Выбрать главу

Казалось бы, досужие размышления. Но приглядись - и увидишь такие странности на кладбище, в этом, так сказать по незнанию, царстве мертвых, что сам иногда не сознаешь, на каком свете находишься.

Допустим, цветы. Им ли ломать законы природы? Постояли в вазочке, полежали на холодном камне - и в мусорное ведро.

Но постоянное за последние полгода хождение по тропкам загробного мира пошатнуло школьные верования в законы природы. Цветы на могилах людей, внезапно вырванных из молодости, дольше держались и сильнее благоухали. Не чудо ли? Скептик, понятно, внесет свои пять копеек: молодым чаще приносят свежие цветы. Хорошо, пусть не чудо. Пусть просто надежда на чудо, порожденная исключительной впечатлительностью.

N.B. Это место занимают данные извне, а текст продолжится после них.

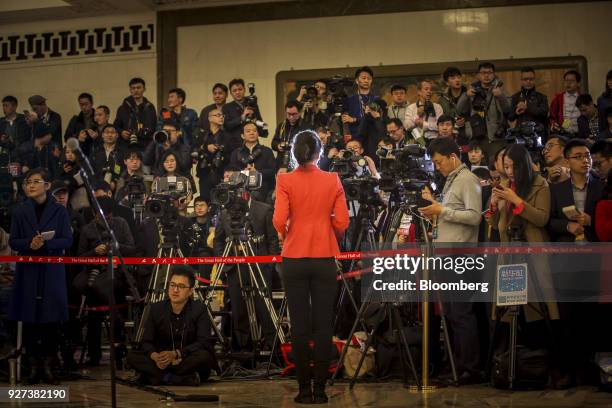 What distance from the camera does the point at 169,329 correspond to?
243 inches

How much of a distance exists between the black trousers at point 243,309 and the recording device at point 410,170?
170 centimetres

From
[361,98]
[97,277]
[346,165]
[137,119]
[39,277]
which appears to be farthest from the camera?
[137,119]

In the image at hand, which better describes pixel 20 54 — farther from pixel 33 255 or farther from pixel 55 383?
pixel 55 383

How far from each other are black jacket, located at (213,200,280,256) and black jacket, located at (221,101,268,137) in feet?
3.80

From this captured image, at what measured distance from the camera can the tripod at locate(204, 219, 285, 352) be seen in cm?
683

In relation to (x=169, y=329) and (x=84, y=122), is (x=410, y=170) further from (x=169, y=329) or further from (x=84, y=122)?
(x=84, y=122)

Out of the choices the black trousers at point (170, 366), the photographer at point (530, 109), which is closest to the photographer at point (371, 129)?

Но вот, свечка, зажженная на могилке Леи, не гаснет более чуток, а цветы, принесенные неделю назад, будто положены только вчера. Как такое возможно?

И от этих мыслей как-то посветлело в душе. Да что там, в душе, на небе! Посмотрел на часы, пять вечера, а небо, словно не согласное с переходом на зимнее время, принаряжается в цветовую гамму по-весеннему.

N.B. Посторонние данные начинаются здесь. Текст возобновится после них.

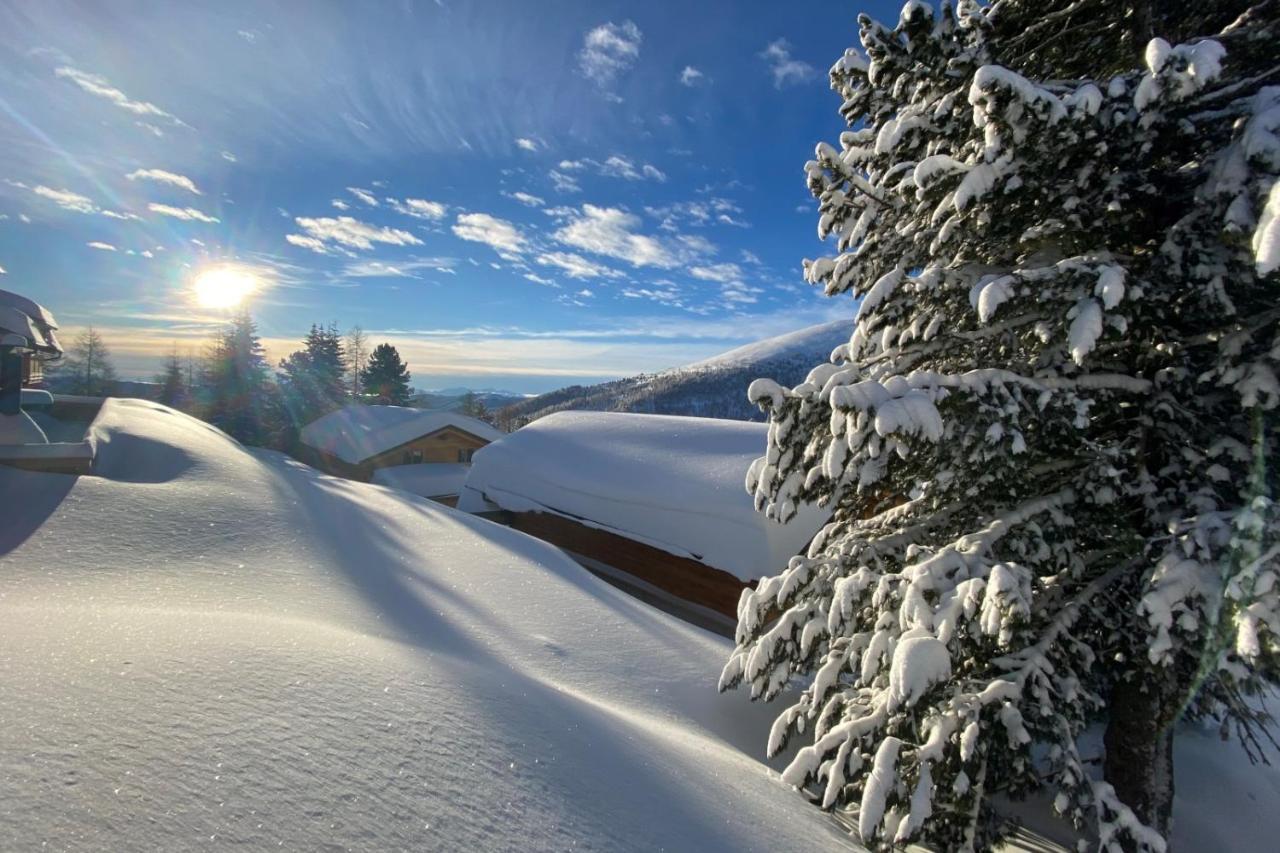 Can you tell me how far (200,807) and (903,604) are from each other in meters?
3.22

"Светить всегда. Светить везде. Вот лозунг мой и солнца", - проклюнулось из Маяковского.

- Черт!

Чего вдруг Маяковский возник в мозгу? Не потому ли, что и он ушел в мир иной досрочно? Сначала возмутился в стихах самоубийством Сергея Есенина в питерской гостинице "Англетер", затем и сам застрелился у себя дома. Странные какие-то смерти. Самострел Маяковского вообще запредельный хотя бы по его категорическому неприятию самоубийства человеком, влияющим каким-то образом на сознание масс.

Почему же увеличивать число самоубийств? Лучше увеличь изготовление чернил!

Вспомним, чему учили в школе, предлагая внимательно познакомиться с внеклассными материалами. Вот например...

"...Конец Есенина, - писал Маяковский, - огорчил, огорчил обыкновенно, по-человечески... но утром газеты принесли предсмертные строки:

В этой жизни умереть не ново, Но и жить, конечно, не новей...

После этих строк смерть Есенина стала литературным фактом.

Сразу стало ясно, скольких колеблющихся этот сильный стих, именно стих подведет под петлю и револьвер. И никакими, никакими газетными анализами и статьями этот стих не аннулируешь. С этим стихом можно и надо бороться стихом и только стихом".

Да, поборолся... пистолетной пулей в голову. И? "Маяковский был и остается лучшим, талантливейшим поэтом нашей советской эпохи. Безразличие к его памяти и его произведениям - преступление", - сказал Сталин, и его слово обеспечило Маяковскому бессмертие на все советские времена. Хотя... Может быть, дело не только в Сталине, но и в законе внезапно прерванной жизни, порождении клокочущей, не до конца используемой энергии, имя которой...

Не родился, видимо, еще ученый, способный дать свое имя неведомой энергии жажды жизни и обосновать закон непостижимый человеком закон.

В творческом мире этот закон последовательно работает. Лермонтов, Пушкин, Маяковский, Есенин, Гумилев, Мэрилин Монро, Элвис Пресли, Джон Леннон. Затрагивает своей силой даже литературных героев. Овод, Ленский, Петя Ростов.

Лани жестко потер виски, вытряхивая досужие размышления, нахлынувшие неосознанно, будто продиктованные свыше. Куда они могли довести дальше в поисках утраченного времени, трудно сказать, но что касается пространства, несомненно, избрали правильный путь и по присыпанной гравием дорожке привели к могиле матери.

- Мама! Я столько хочу тебе сказать! Но главное - сразу. У тебя будет внук. Пока первый и единственный. Но не волнуйся. Мы постараемся. Будет и второй, третий. Первому дадим имя за папу. Второму за дедушку. А родится девочка, то тебе и гадать не придется - за кого.

Лани положил несколько камушков на надгробную плиту, и ему, соприкоснувшемуся с шершавым иерусалимским камнем, послышалось:

- Генус хомо.

- Чего-чего?

- Мужчина.

"Мужчина", - эхом откликнулось в мозгу, и снова прорезалось: время уходит, как его ни сторожи, уходит, уходит - не возвращается. Может быть, в параллельном мире? Говорят, достаточно и одной секунды, чтобы перешагнуть в иную реальность. Но... ни секунды в запасе, иначе не поспеть к приходу автобуса.

Не опоздал! Подкатил минута в минуту. И в привокзальной толчее безошибочно выхватил взглядом свою Лею: солдатская форма, капитанские шпалы, кепи под погоном, одуванчик курчавых волос, автомат через плечо, в руке походная сумка.